From: Hugo Ferreira <hmf@inescporto.pt>
To: Gerd Stolpmann <gerd@gerd-stolpmann.de>
Cc: caml-list@yquem.inria.fr
Subject: Re: [Caml-list] Shared memory parallel application: kernel threads
Date: Fri, 12 Mar 2010 13:36:13 +0000 [thread overview]
Message-ID: <4B9A434D.9010207@inescporto.pt> (raw)
In-Reply-To: <1268397268.17070.242.camel@thinkpad>
Hi,
Gerd Stolpmann wrote:
> On Fr, 2010-03-12 at 11:55 +0000, Hugo Ferreira wrote:
>> Hello,
>>
>> I need to implement (meta) heuristic algorithms that
>> uses parallelism in order to (attempt to) solve a (hard)
>> machine learning problem that is inherently exponential.

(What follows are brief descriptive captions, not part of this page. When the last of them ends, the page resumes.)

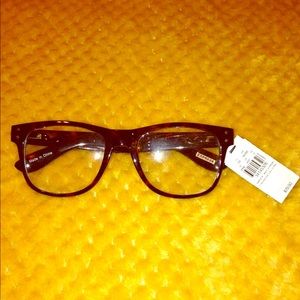 NWT fashion glasses by EXPRESS 29.90$ tag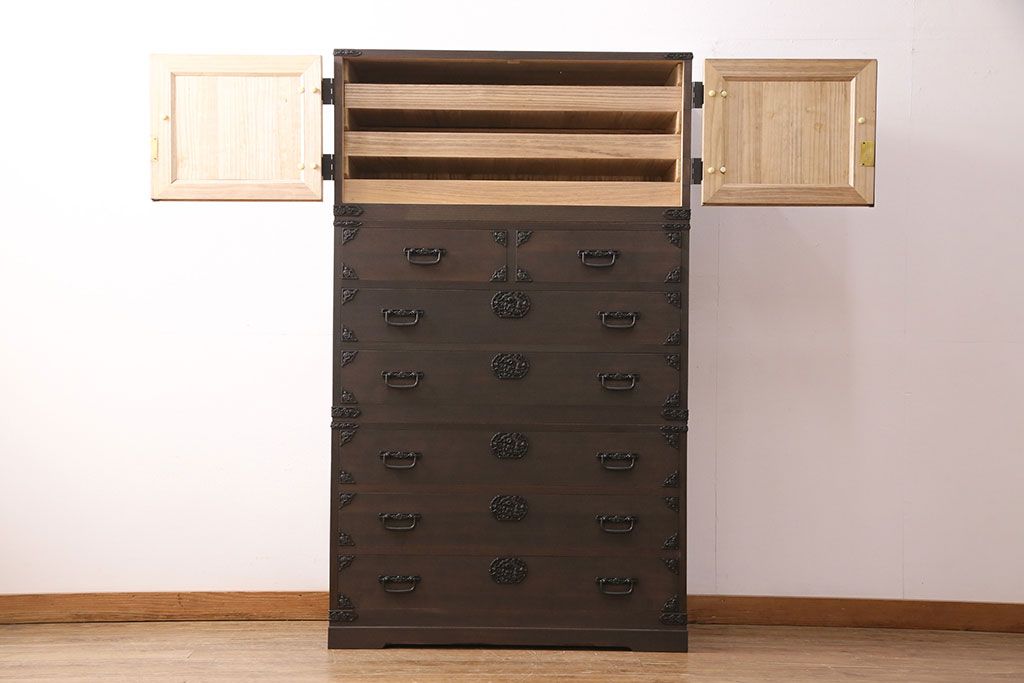 国産の総桐箪笥をリペア&カスタム!可動部の調整。濃い茶色で着色し仕上げ。(衣装箪笥、和タンス、引き出し、桐たんす)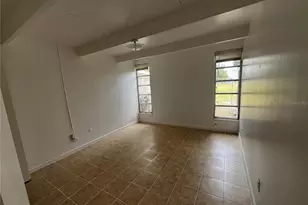 1707 Club Cir, Lakeshore, FL 33854 - Photo 7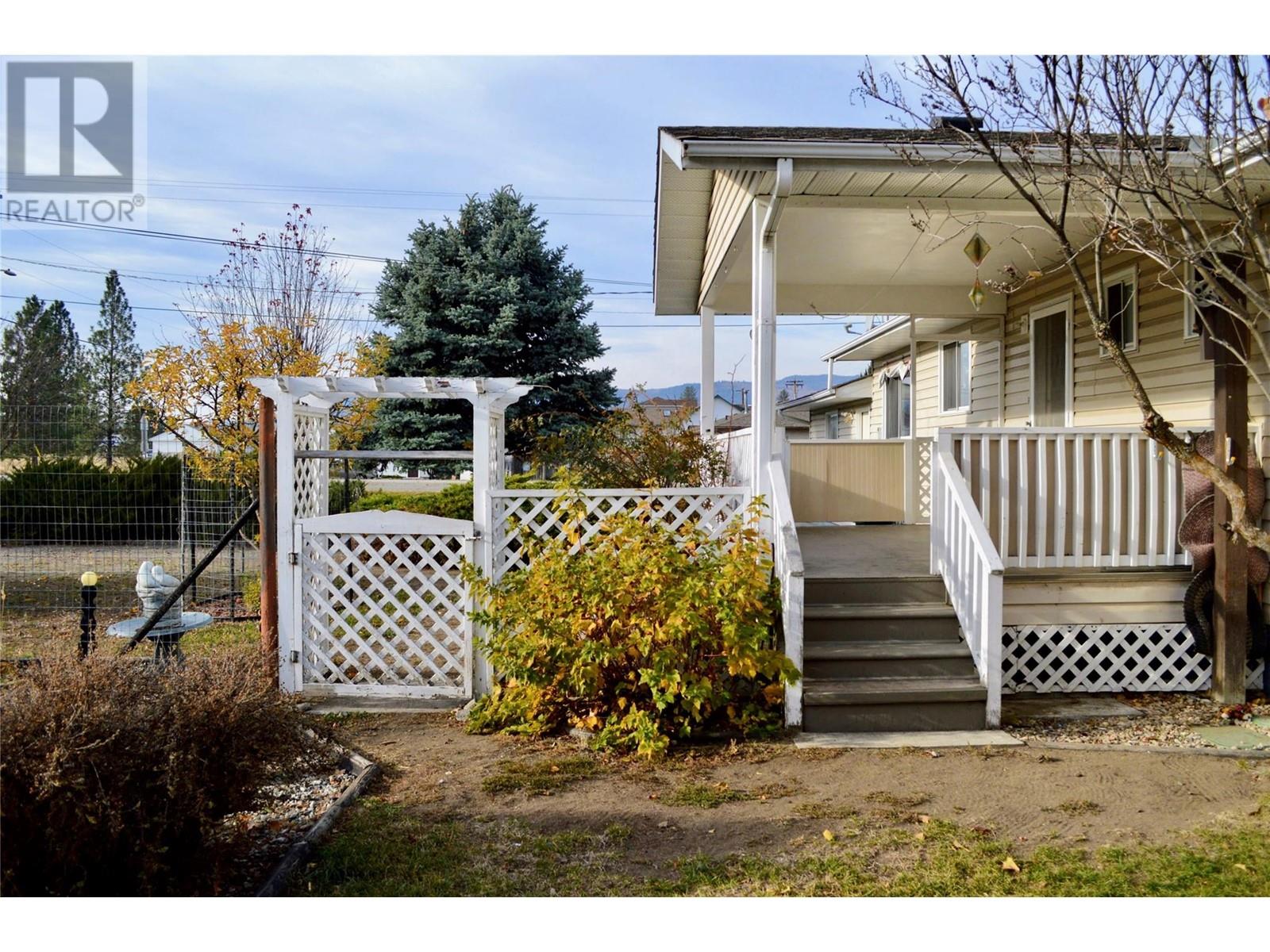 2480 75th Avenue, Grand Forks, British Columbia  V0H 1H2 - Photo 15 - 10327229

>> The aim is to take maximum advantage of the multi-core
>> processors I have access to.
>>
snip
>> My first concern is to take advantage of the multi-cores so:
>>
>> 1. The thread library is not the answer
>> Chapter 24 - "The threads library is implemented by time-sharing on
>> a
>> single processor. It will not take advantage of multi-processor
>> machines." [1]
>>
>> 2. LinuxThreads seems to be what I need
>> "The main strength of this approach is that it can take full
>> advantage of multiprocessors." [2]
>
> I think you mix here several things up. LinuxThreads has nothing to do
> with ocaml. It is an implementation of kernel threads for Linux on the C
> level. It is considered as outdated as of today, and is usually replaced
> by a better implementation (NPTL) that conforms more strictly to the
> POSIX standard.
>
Oops. Silly me.
> Ocaml uses for its multi-threading implementation the multi-threading
> API the OS provides. This might be LinuxThreads or NPTL or something
> else. So, on the lower half of the implementation the threads are kernel
> threads, and multi-core-enabled.
Ok.Should have read more carefully. As stated in the manual "Two
implementations of the threads library are available, depending on the
capabilities of the operating system:" So I have a recent glibc and
therefore "multi-core-enabled" threads.
> However, Ocaml prevents that more than
> one of the kernel threads can run inside its runtime at any time. So
> Ocaml code will always run only on one core (but you can call C code,
> and this can then take full advantage of multi-cores).
>
Ok. I was under the (wrong) impression that the native OS threads did
run simultaneously (multi-core) but were intermittently stopped due to
the GC. So threads won't help.
> This is the primary reason I am going with multi-processing in my
> projects, and why Ocamlnet focuses on it.
>
Understood.
> The Netcamlbox module of Ocamlnet 3 might be interesting for you. Here
> is an example program that mass-multiplies matrices on several cores:
>
> https://godirepo.camlcity.org/svn/lib-ocamlnet2/trunk/code/examples/camlbox/manymult.ml
>
> Netcamlbox can move complex values to shared memory, so you are not
> restricted to bigarrays. The matrix example uses float array array as
> representation. Recursive variants should also be fine.
>
> For providing shared data to all workers, you can simply load it into
> the master process before the children processes are forked off. Another
> option is (especially when it is a lot of data, and you cannot afford to
> have n copies) to create another camlbox in the master process before
> forking, and to copy the shared data into it before forking. This avoids
> that the data is copied at fork time.
>
The main data set is large, so I will opt for the latter.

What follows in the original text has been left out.